Harold ‘Pete’ Goldsmith, Dean of Students, praised the Greek community, stating that the attendees were members of respected student organizations that should maintain such a reputation. Fraternities and sororities, Goldsmith said, are the ideal size and ideal learning environment than can promote student success. When you’re Greek, you need to strive to be the best you can be.
Mark Land, the head of Media Relations, gave tips about proper social media usage. In his opinion, it would be very beneficial for each chapter to have a specified “media person,” one who would know how to properly deal with any type of media situation, good or bad. One thing the chapters should keep in mind: national chapters, fellow students, and even other houses on campus will hear about the other houses, whether they have a positive or negative message.

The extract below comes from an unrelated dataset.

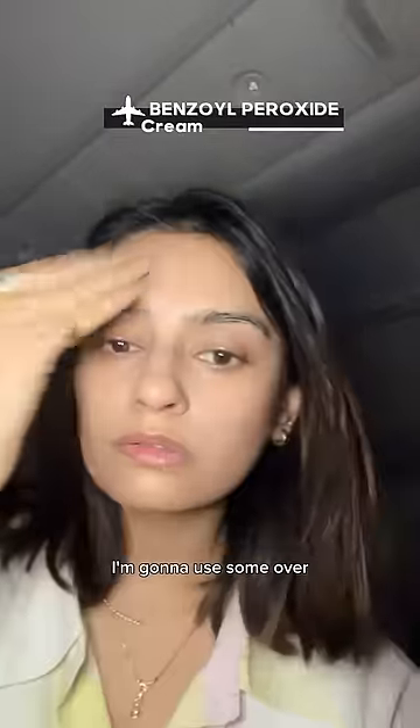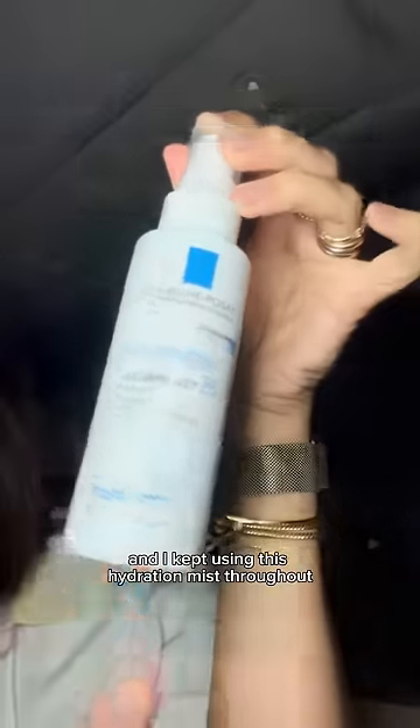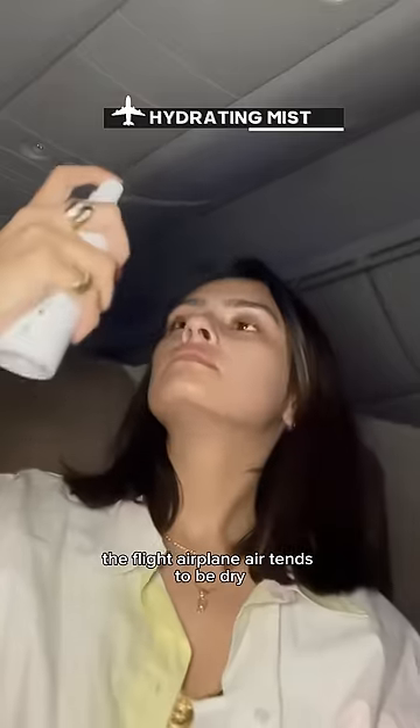I'm a benzoyl peroxide fanatic. I'm gonna use some over the areas I tend to get breakouts on, and I kept using this hydration mist throughout the flight. Airplane air tends to be dry, which makes you produce more oil, which makes you break out. So the best strategy is to keep yourself and your skin hydrated.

Another important tip Land gave: you must know your audience. The better you know your audience, the more effective your message will be. One helpful tip is to look at it from their perspective; if you were in their shoes, what specific information would you want to have?
From a social media perspective, Land said, you need to look for 2-3 key aspects that would best get your message out, whatever that may be. Utilize what social media tools you have, especially Facebook and Twitter.

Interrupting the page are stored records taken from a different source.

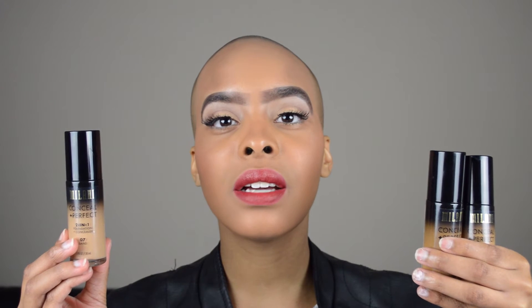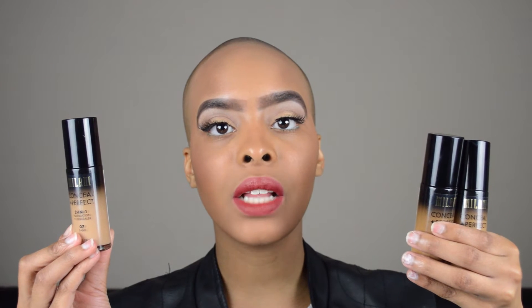I'd like to share a new purchase with you all. The new purchase is the Conceal and Perfect 2-in-1 Foundation and Concealer by Milani Cosmetics. I got these foundations from my local Walmart for $8.97, and on milanicosmetics.com the price is $9.99.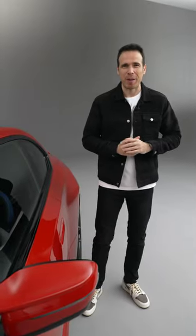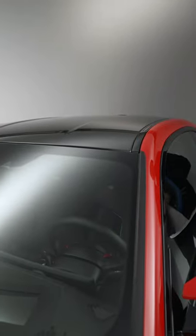Number three: for the first time, the BMW M2 gets a carbon fiber roof. It was only available before on the M2 CS.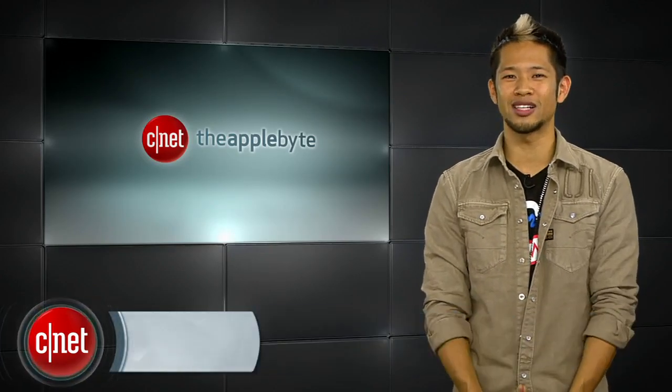That's going to do it for this week's show. Email us at theapplebyte@cnet.com — I still do answer emails, just not all of them. I'm Brian Tong. Thanks for watching, and we'll catch you guys next time for another bite of the apple.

If you want media coverage, make it easy for the media to do your story. Make sure the media has accurate contact information for your houses. In addition, give them proper notice; if your event is happening on a Saturday, don’t call them the day before. You could also promote the event yourself, such as using a “save the date” tweet.

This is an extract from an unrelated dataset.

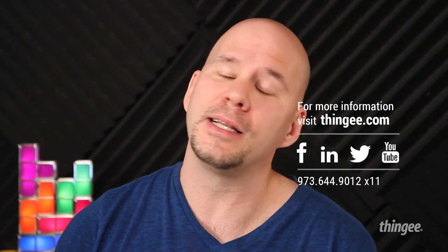Did you like this video? If you did, you can do three things right now to help continue our technology journey together. First, subscribe to our YouTube channel. Second, like us on Facebook, LinkedIn, follow us on Twitter, or go to thingy.com for more information. Look forward to seeing you next time.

In order to have a strong social media standing, build a campaign. Use Twitter, Facebook, Instagram, and other social media outlets to your advantage. Consider yourself a professional communicator. Land makes the important point: “even when you leave, your chapters will still be here. Set an example. The way you conduct yourself speaks to what your house stands for.”
The final guest speaker was Professor Dennis Elliott, a PR professor within the School of Journalism. Elliott spoke of two types of management: reputation and crisis.
A reputation for each house on campus already exists. What you can do now, Elliott said, is either fix them or continue on with the same reputation. With reputation management, you can either be on the offense or the defense. With the defense stand, PR is made for you. This option may not be as beneficial as being on the offense.
Elliott said houses could make an exercise of it: how would members of the house react in a time of crisis? “Always look at yourselves first before someone is looking at you,” Elliott said.
In times of crisis, the chapters must demonstrate social responsibility. You must be available and able to communicate the right information. This relates back to Land’s push to have a media specialist for each house.
One of the most important aspects of crisis management, Elliott said, is internal communication. Your first audience is other members of your house; each member should know the behaviors expected of them. “Decide what you want to be known for,” he said.